One thing I am pretty sure by now is that trading stock CFDs with a non-US broker kind of allows day trading of US-stocks, without actually ever really owning them. CFDs are not available in the US, I believe.

CFDs (contracts for difference) seem to be the main way to “indirectly” trade US stocks outside of the US.

@Reto4 I wouldn’t be too critical of brokers specifically regarding PDT rules. They are answering the question honestly and simply, but with built in assumptions.

Here is an example, but reversed. If someone asked Alpaca “do the trading regulations in India apply to Alpaca” the answer would be a simple “no”. One can open an Alpaca account and not be subject to any trading restrictions imposed by Indian authorities. But the reason is only because Alpaca doesn’t do any trading on the Indian stock exchanges. The ‘built in’ assumption is you aren’t trading on the Indian stock exchanges. That is sort of the 800 pound gorilla in the room. It’s assumed to be so obvious it’s not stated.

Perhaps the better way to question IG or FlowBank, would be to choose a specific equity. Ask them, for example, “do PDT rules apply to me when I trade AAPL”. Their answer will then be different. They would probably respond “you cannot trade AAPL with us, however there are some trading instruments which may offer similar characteristics to directly trading AAPL. Those you can day trade”.

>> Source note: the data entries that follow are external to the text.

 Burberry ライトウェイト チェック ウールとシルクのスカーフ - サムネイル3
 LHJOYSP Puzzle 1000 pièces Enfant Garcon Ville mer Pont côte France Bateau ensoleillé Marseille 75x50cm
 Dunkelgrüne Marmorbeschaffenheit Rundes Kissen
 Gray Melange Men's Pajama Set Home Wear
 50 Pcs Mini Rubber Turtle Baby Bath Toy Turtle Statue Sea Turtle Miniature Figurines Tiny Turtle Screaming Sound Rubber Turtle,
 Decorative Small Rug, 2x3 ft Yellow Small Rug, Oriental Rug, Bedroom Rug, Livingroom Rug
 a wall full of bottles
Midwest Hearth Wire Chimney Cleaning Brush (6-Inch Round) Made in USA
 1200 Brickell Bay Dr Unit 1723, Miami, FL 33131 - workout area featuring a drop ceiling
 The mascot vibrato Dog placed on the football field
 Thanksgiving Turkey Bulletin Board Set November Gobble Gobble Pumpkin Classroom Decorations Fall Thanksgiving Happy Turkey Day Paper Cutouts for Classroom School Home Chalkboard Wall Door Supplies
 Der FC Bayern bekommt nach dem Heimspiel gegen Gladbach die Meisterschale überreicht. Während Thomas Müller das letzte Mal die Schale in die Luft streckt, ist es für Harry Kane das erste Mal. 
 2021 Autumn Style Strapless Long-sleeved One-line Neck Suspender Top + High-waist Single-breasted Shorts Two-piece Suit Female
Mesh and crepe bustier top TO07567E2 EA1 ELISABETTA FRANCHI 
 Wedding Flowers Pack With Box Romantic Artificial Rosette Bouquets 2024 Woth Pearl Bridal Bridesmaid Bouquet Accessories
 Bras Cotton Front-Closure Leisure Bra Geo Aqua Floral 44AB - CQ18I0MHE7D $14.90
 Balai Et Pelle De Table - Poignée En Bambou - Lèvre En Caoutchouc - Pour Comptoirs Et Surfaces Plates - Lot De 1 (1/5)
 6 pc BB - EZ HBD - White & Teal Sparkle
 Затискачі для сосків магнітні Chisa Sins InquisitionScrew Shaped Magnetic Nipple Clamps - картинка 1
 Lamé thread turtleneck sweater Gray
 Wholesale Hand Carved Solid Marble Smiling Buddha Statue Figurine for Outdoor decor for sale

As you stated, one isn’t really owning an actual share of AAPL by trading these other instruments. One however, needs to be aware of the specific details associated with each instrument being traded and determine if it’s appropriate. As an example in the US, American Depository Receipts (ADRs) are instruments to trade non-US stocks. While they generally follow the price of the underlying stock, the price of an ADR is affected by the movements of both the company’s local share price and the exchange rate against the U.S. dollar. So, there can be instances where the stock goes up but the ADR goes down. Additionally, most ADRs impose a periodic service fee of $0.02 per share every 3 months. Those are just some examples of how trading an actual stock (eg AAPL) can be different than trading a derivative instrument.


@Dan_Whitnable_Alpaca I agree, but I do wish brokers would make the effort and be more specific. Most non-US brokers I looked at offer both US stocks and US stock CFDs (and sometimes they use the same symbol for both products). It takes a lot of time to dig through the smallprint and so far I was not able to determine which product or exchange they were referring to in their statements about the PDT rule.

Anyway, thank you very much for your time! Hopefully I will soon rise above the sub 25k club and come back to Alpaca :sweat_smile:. In the meantime I will enjoy your market data service offering.